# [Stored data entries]
□ □ □ □ □ □ □

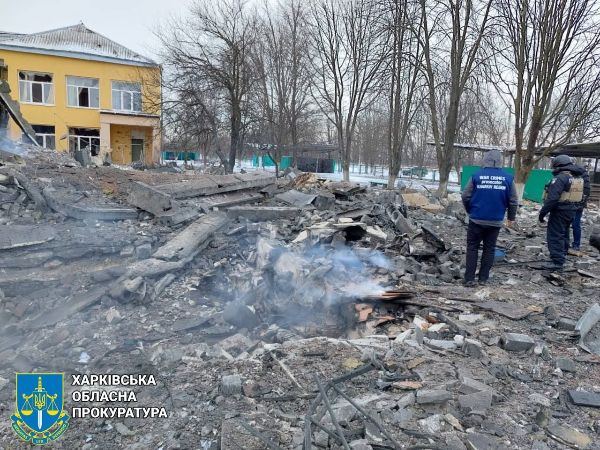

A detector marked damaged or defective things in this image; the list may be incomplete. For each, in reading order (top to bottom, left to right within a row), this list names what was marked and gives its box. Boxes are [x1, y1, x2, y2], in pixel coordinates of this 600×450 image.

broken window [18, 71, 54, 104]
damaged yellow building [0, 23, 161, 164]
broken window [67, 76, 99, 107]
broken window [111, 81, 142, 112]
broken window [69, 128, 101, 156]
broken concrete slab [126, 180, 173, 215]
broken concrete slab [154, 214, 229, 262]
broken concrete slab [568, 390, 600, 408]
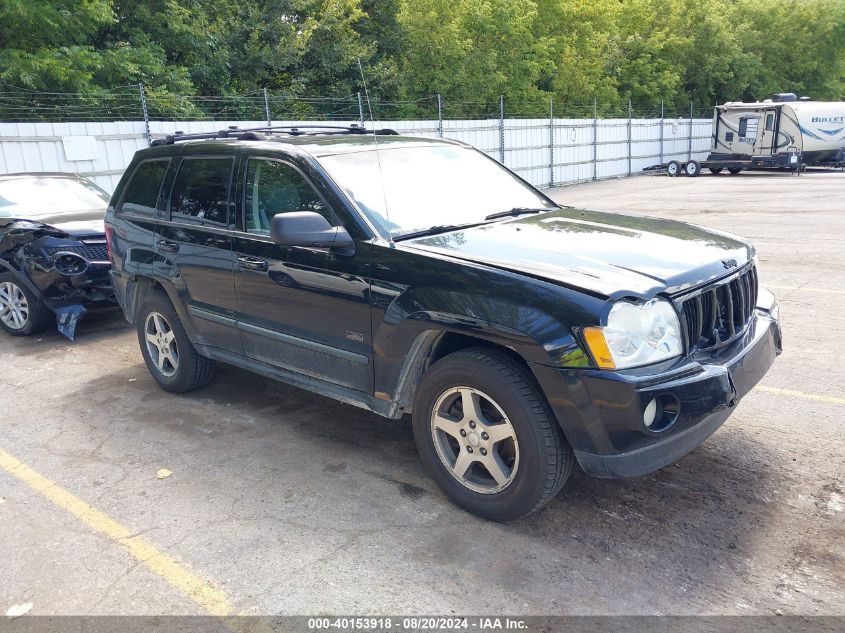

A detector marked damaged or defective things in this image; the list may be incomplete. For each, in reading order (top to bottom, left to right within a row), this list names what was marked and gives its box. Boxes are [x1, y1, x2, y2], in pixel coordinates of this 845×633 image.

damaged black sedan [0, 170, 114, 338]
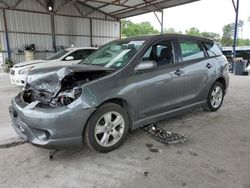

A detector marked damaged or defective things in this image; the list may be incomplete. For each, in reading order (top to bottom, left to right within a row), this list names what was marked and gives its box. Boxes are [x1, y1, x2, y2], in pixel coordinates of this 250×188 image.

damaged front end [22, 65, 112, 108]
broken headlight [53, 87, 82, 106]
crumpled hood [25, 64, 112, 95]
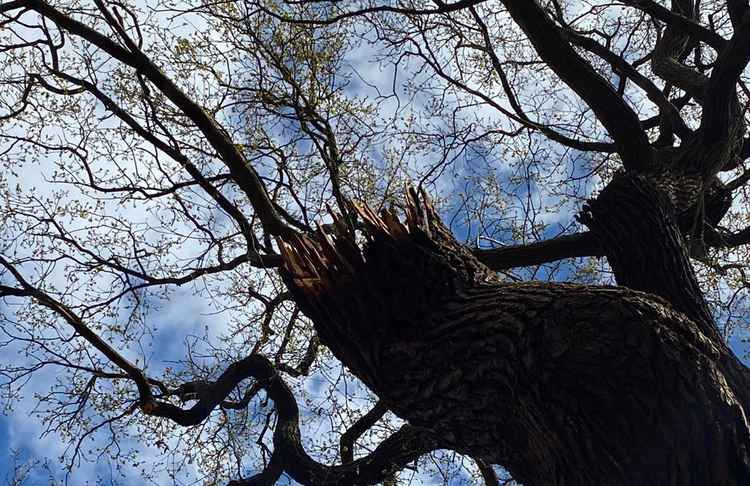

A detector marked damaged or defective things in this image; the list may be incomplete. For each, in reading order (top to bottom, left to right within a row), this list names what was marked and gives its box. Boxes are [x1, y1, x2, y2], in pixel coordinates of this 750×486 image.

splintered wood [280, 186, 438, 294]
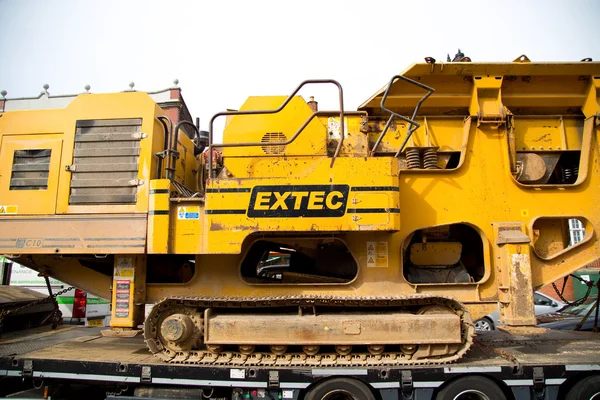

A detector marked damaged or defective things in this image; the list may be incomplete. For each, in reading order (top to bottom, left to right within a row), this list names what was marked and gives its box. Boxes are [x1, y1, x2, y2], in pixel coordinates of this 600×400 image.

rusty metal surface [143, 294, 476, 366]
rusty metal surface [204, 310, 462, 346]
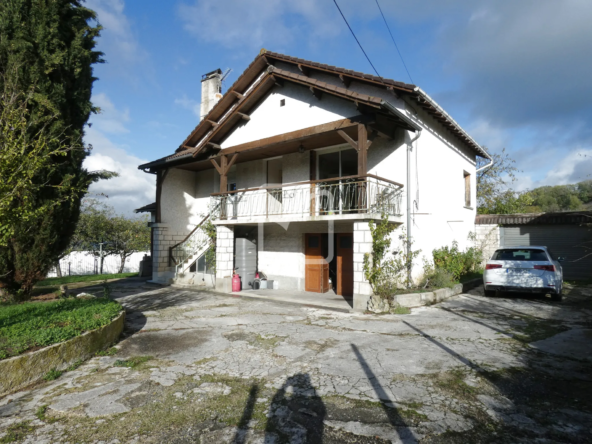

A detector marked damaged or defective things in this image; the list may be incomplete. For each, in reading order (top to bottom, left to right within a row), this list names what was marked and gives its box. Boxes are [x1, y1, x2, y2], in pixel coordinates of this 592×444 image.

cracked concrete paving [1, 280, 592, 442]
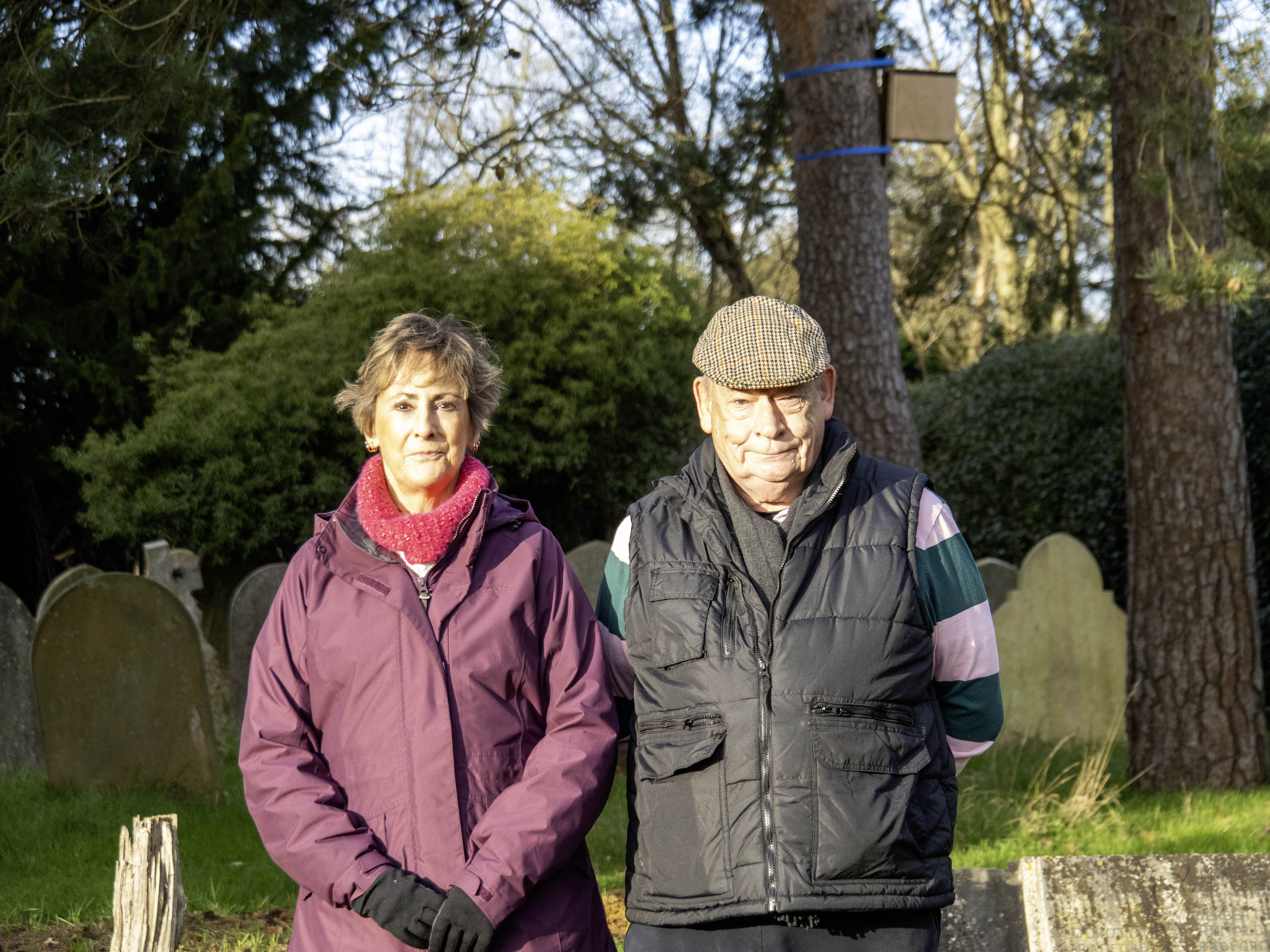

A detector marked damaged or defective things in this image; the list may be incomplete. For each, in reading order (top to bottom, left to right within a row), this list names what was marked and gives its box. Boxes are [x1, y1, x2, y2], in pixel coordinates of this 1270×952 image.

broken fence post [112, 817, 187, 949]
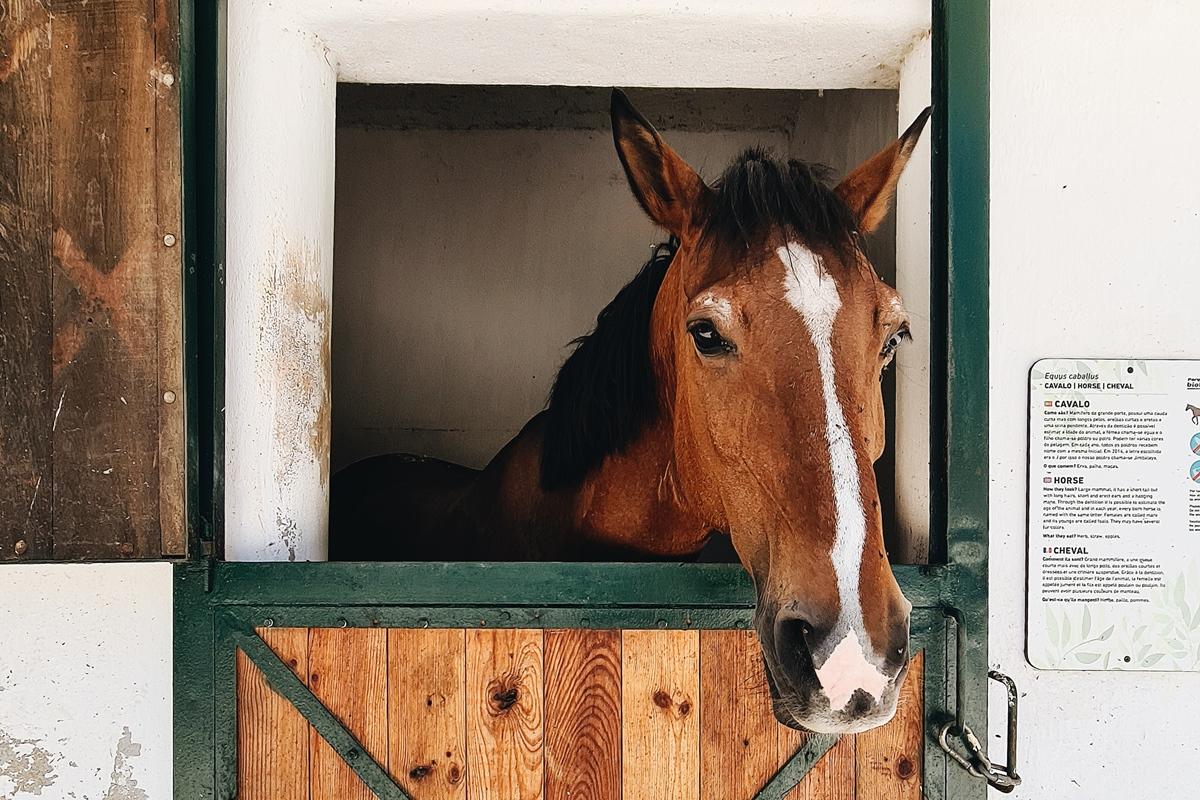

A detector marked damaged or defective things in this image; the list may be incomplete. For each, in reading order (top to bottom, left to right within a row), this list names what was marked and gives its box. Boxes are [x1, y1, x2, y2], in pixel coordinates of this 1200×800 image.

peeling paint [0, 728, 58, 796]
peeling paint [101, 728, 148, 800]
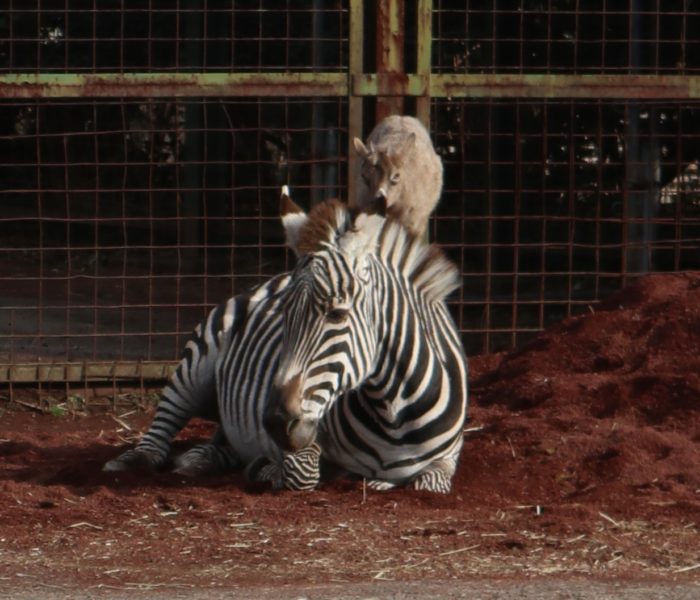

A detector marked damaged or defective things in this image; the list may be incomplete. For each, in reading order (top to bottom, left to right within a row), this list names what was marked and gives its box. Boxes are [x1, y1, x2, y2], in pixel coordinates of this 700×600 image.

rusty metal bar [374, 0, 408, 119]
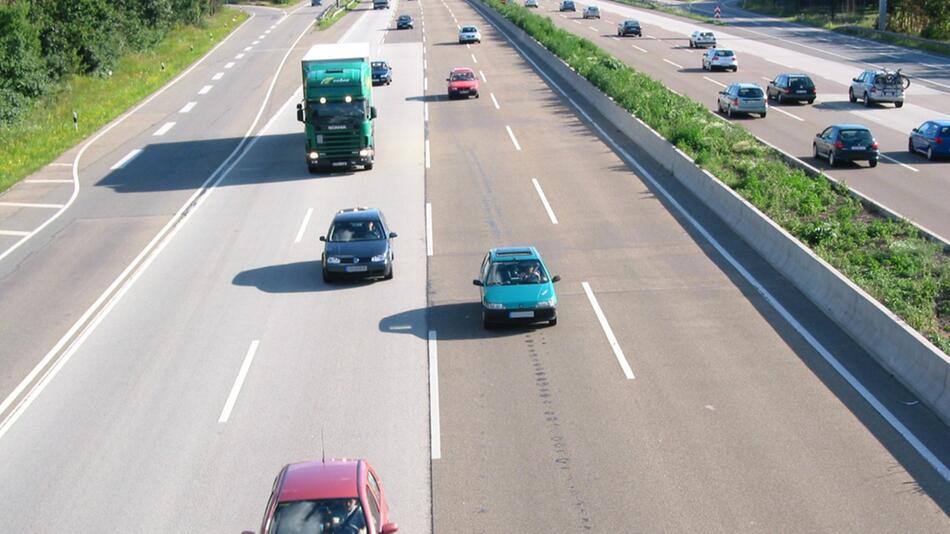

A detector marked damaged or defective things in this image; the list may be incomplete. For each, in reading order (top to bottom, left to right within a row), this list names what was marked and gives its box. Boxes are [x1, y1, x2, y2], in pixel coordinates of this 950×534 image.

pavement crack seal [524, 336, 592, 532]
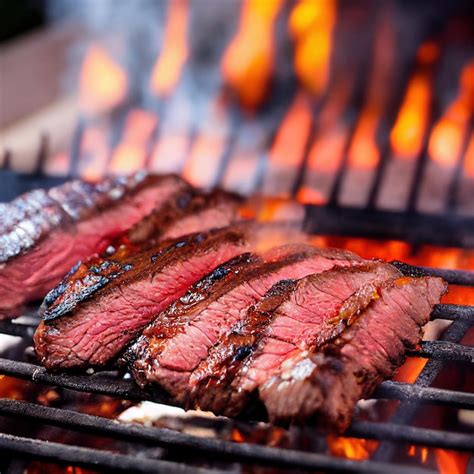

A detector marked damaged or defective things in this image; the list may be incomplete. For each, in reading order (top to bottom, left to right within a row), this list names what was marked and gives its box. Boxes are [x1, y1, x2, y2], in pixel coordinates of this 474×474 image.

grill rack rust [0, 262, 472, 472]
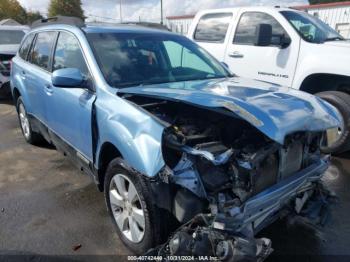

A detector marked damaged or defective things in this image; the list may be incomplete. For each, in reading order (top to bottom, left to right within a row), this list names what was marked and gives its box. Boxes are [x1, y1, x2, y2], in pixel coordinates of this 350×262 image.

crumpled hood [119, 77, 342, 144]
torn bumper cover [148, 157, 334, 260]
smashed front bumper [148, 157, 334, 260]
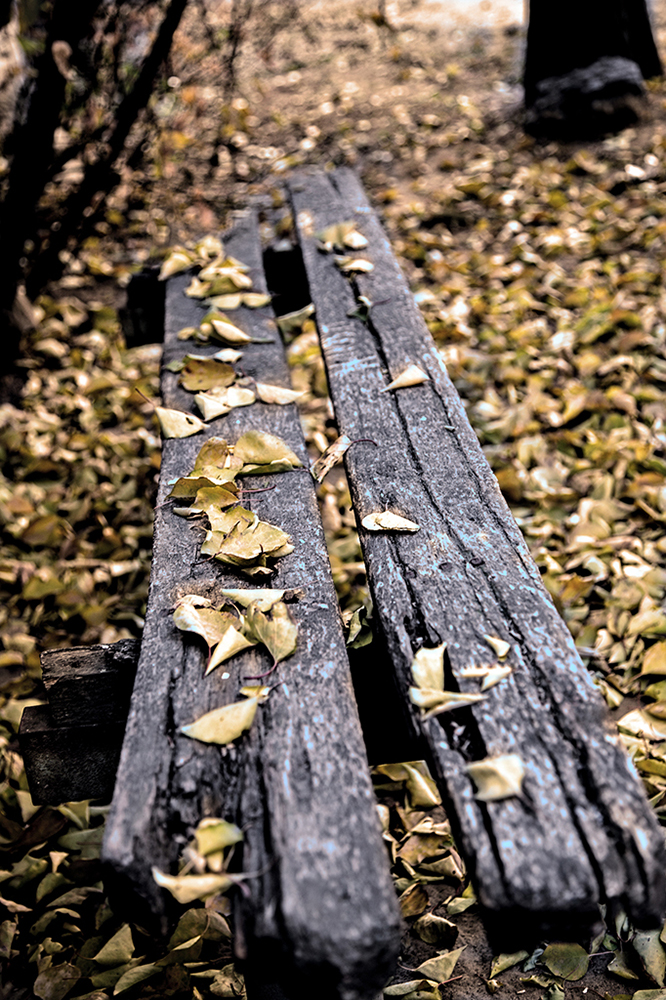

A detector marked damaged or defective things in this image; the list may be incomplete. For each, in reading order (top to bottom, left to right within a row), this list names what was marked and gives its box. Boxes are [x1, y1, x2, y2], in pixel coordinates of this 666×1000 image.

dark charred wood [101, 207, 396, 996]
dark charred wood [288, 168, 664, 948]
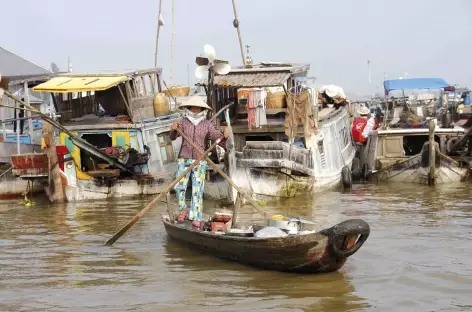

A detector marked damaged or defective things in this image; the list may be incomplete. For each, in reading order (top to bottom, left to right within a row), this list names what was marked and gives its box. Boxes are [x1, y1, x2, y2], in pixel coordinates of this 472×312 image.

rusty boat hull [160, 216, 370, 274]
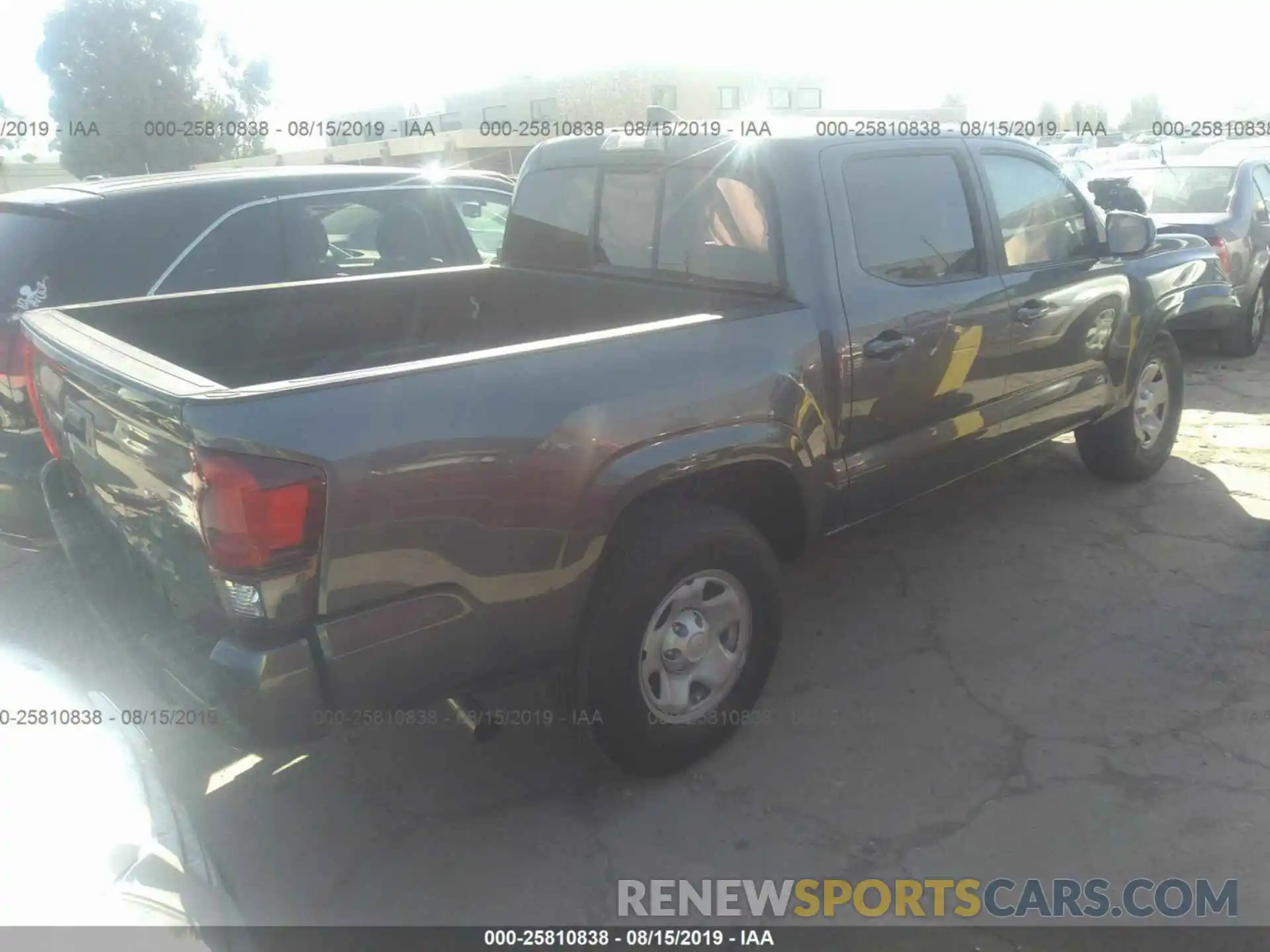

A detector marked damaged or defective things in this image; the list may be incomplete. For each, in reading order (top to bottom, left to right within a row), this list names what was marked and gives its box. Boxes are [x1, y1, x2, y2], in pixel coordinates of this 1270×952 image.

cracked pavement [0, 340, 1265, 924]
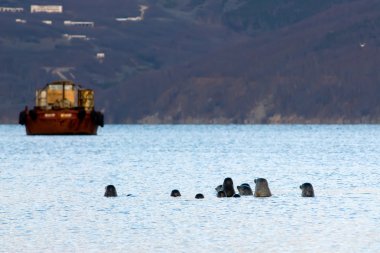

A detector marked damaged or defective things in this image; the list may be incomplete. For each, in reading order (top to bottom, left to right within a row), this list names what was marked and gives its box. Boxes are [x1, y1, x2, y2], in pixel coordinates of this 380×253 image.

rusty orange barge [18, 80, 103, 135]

□ □ □ □ □ □ □

# [Your goal]
Please transcribe exactly the line containing "this 666×1000 image." and every later line through the end of the records above, omitting pictures.

# [Solution for this task]
A detector marked damaged or defective things in this image; the list may be incomplete. For each, in reading order (top to bottom, left to right within a row), this list names what was marked and gives its box. Boxes are [x1, y1, x2, y2], in pixel coordinates of this 666×1000 image.

dark charred wood [101, 207, 396, 996]
dark charred wood [288, 168, 664, 948]

A detector marked damaged or defective things in this image; the list may be incomplete. For each, in reading order (top to bottom, left to right within a row), this list names what was marked and gives its box. Boxes are [x1, y1, x2, y2], in pixel coordinates of this 472×312 image.

rusty boat hull [160, 216, 370, 274]

A detector marked damaged or defective things in this image; the list may be incomplete. For each, in reading order (top to bottom, left to right within a row), this list names what was marked and gives its box. Boxes are [x1, y1, x2, y2], in pixel coordinates of this 1270×952 image.

cracked pavement [0, 340, 1265, 924]

A detector marked damaged or defective things in this image; the list may be incomplete. For each, in reading order (top to bottom, left to right within a row), this list names what was marked and gives its box. Boxes are [x1, y1, x2, y2], in pixel coordinates of this 380×253 image.

rusty orange barge [18, 80, 103, 135]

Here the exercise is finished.